TopicsHip and Femur Fractures · Bone health and osteoporosis research · Bone fractures and treatments
Background
Fragility fractures in older adults, caused by low-energy trauma, represent an increasing healthcare burden in ageing societies [1, 2]. In Germany alone, incidence rates for hip, humerus, vertebral body, and pelvic ring fractures rose by 10–39% between 2009 and 2019 [3]. These injuries are closely linked to significant morbidity, elevated mortality, and loss of independence, often marking a critical transition toward long-term dependency for older patients [4]. Despite this impact, current clinical research has largely focused on hip fractures, where orthogeriatric co-management is now widely regarded as standard of care. Meta-analyses and systematic reviews have demonstrated that such interdisciplinary models can reduce one-year mortality and significantly improve functional outcomes in hip fracture populations [5–7].
In contrast, evidence on orthogeriatric co-management remains limited for other common fragility fracture types, including pelvic ring, vertebral, proximal humerus, and periprosthetic femoral fractures. These injuries are increasingly recognized as clinically relevant, with recent cohort data demonstrating substantial in-hospital and one-year mortality rates that approach or even exceed those observed in hip fractures [8]. A large retrospective matched-cohort study using data from a publicly funded healthcare system demonstrated that fragility fractures at any anatomical site are associated with a significantly increased risk of mortality in adults aged over 65 years [9]. Recent data show that patients with immobilizing fragility fractures – including hip, thoracolumbar spine, and pelvic injuries – had significantly higher in-hospital and one-year mortality compared to those with non-immobilizing fragility fractures, although two-year mortality did not differ significantly between groups [10].

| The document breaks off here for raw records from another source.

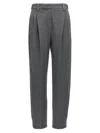 Brunello Cucinelli Grey Pleat Pants In Gray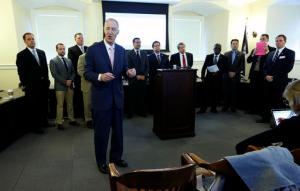 James V. Coch, president emeritus of Strome College of Business at Old Dominion University, foreground, speaks during a press conference in the State Capitol in Richmond, Va., Tuesday, Jan. 17, 2017, arranged by Sen. Bill DeSteph, R-VA Beach, far right, that featured legislators from both parties which addressed the high cost of higher education in Virginia. (Bob Brown/Richmond Times-Dispatch via AP)
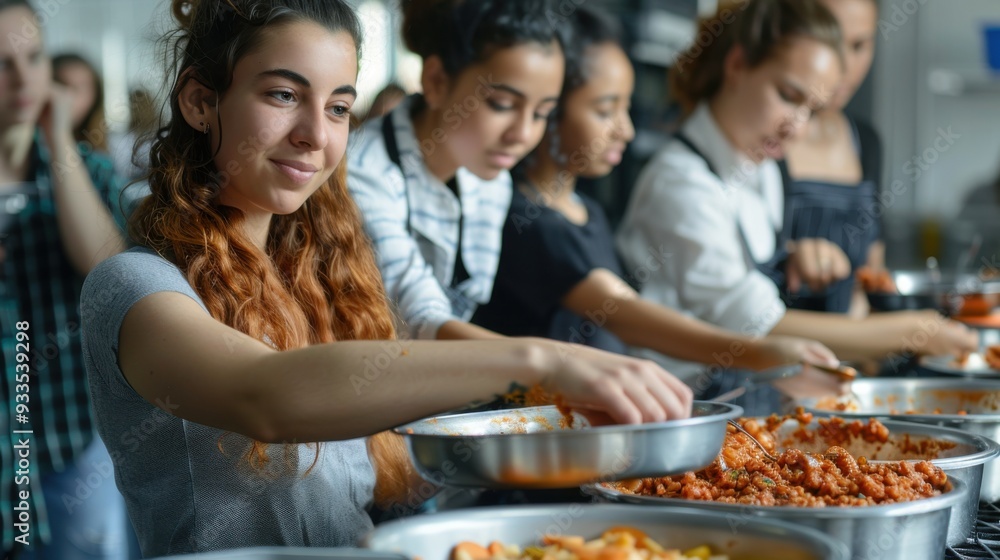 Young Multiracial Volunteers Serving Food at Community Kitchen Event - Teamwork, Charity, and Service Concept. Generative ai Young Multiracial Volunteers Serving Food at Community Kitchen Event - Teamwork, Charity, and Service Concept. Generative ai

Frailty among geriatric patients is a multidimensional syndrome characterised by reduced physiological reserve and increased vulnerability to stressors, predisposing older adults to adverse outcomes after injury or surgery. It represents a key determinant of prognosis in geriatric trauma, influencing both short- and long-term recovery. Screening for frailty at hospital admission enables early risk stratification and targeted co-management within orthogeriatric pathways [11]. A variety of assessment tools have been developed to screen for frailty in clinical settings, ranging from brief screening instruments to multidimensional geriatric assessments. The Identification of Seniors at Risk (ISAR) score, a brief and validated tool [12, 13], has been shown to correlate with frailty and adverse outcomes, making it a pragmatic marker for identifying vulnerable older patients in acute trauma care [14, 15].
Despite these developments, there remains a significant gap in the literature, as few studies have systematically compared long-term outcomes across multiple fragility fracture types [9] or have been conducted within structured orthogeriatric co-management models [10, 16]. Even fewer have included residential status as a functional endpoint alongside survival, despite its relevance for older adults seeking to maintain independence after a fracture. The available studies focusing on this aspect primarily address hip fractures [17, 18]. Furthermore, many studies are limited by incomplete follow-up, especially regarding post-discharge outcomes, which can introduce significant bias [10].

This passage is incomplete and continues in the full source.